▸ **WHAT THE EXERCISE ASKS**:
Retype exactly what appears below from the line containing "woman walking on the street" down to the line containing "living area with", keeping both end lines. Do not include pictures.

▸ **PROVIDED RECORDS**:

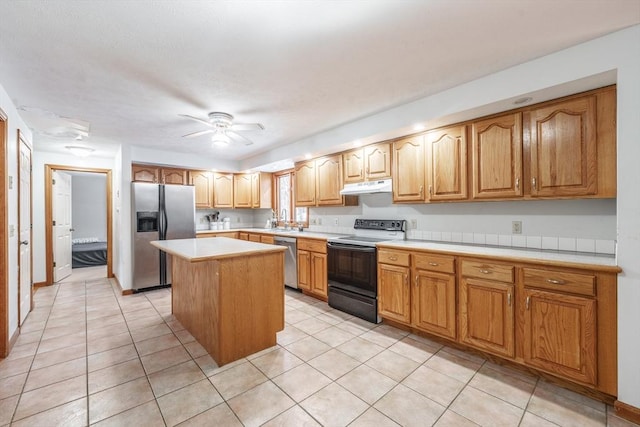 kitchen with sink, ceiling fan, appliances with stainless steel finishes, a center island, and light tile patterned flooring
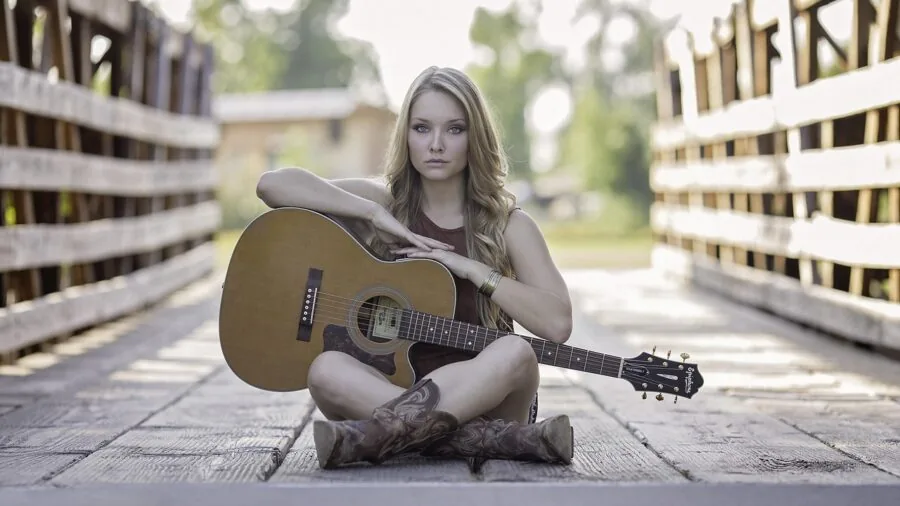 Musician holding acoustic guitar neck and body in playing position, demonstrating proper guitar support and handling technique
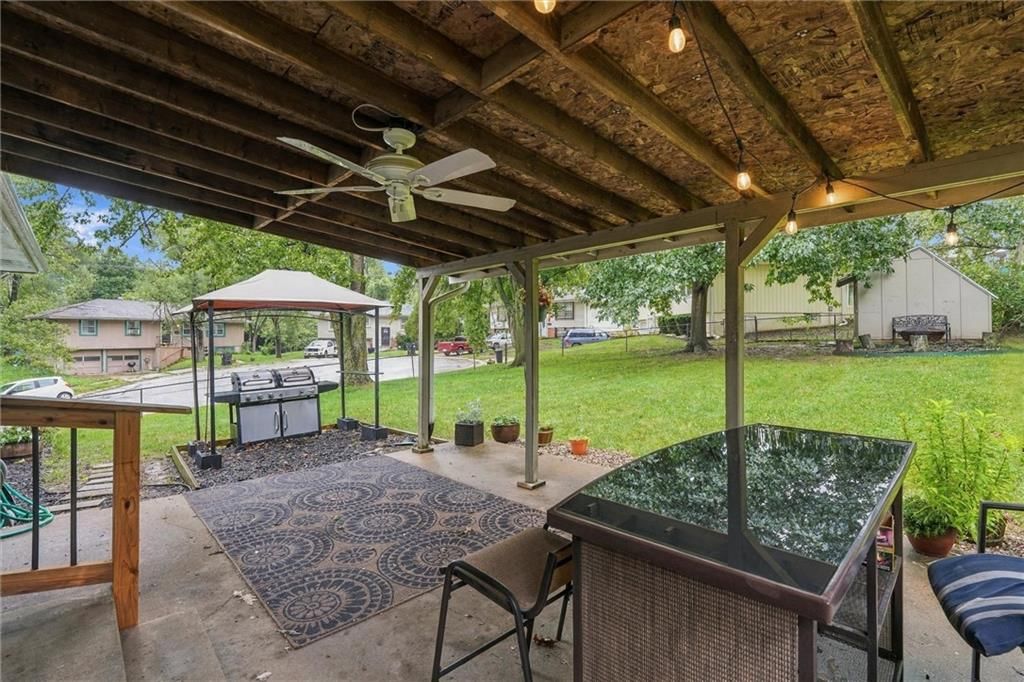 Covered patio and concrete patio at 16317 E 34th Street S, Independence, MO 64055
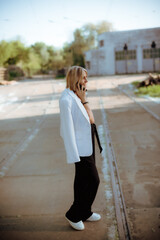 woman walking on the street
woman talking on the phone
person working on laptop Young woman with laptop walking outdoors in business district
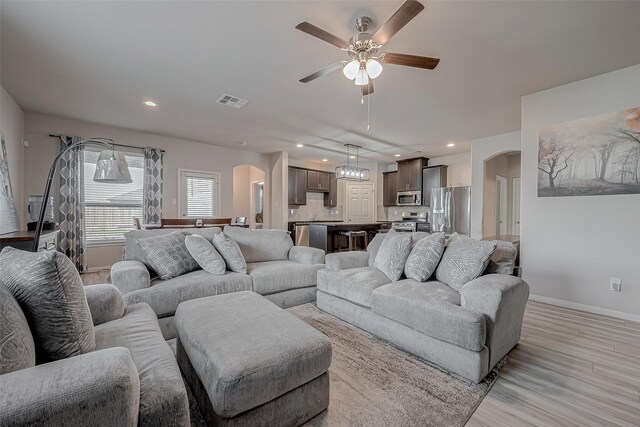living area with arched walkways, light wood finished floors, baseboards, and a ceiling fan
---
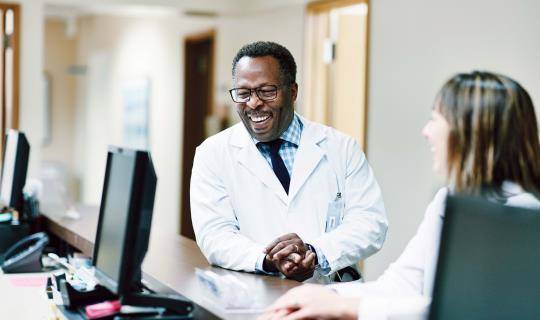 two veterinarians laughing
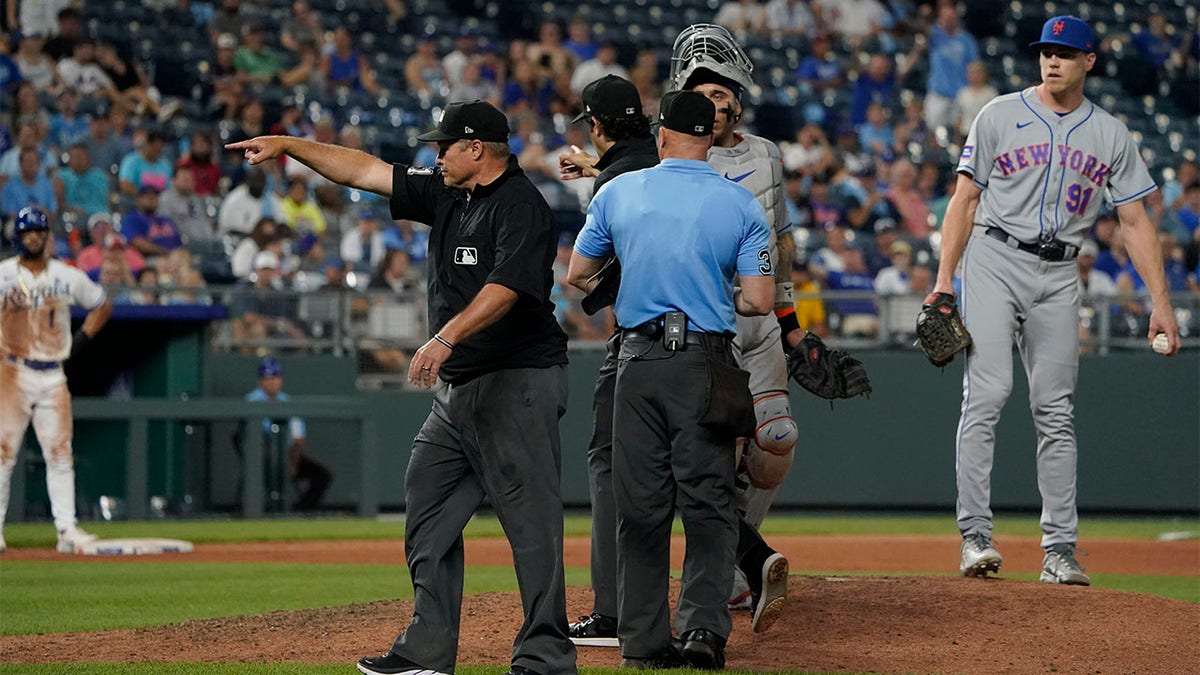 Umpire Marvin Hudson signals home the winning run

▸ **ANSWER SPACE**:
 woman walking on the street
woman talking on the phone
person working on laptop Young woman with laptop walking outdoors in business district
living area with arched walkways, light wood finished floors, baseboards, and a ceiling fan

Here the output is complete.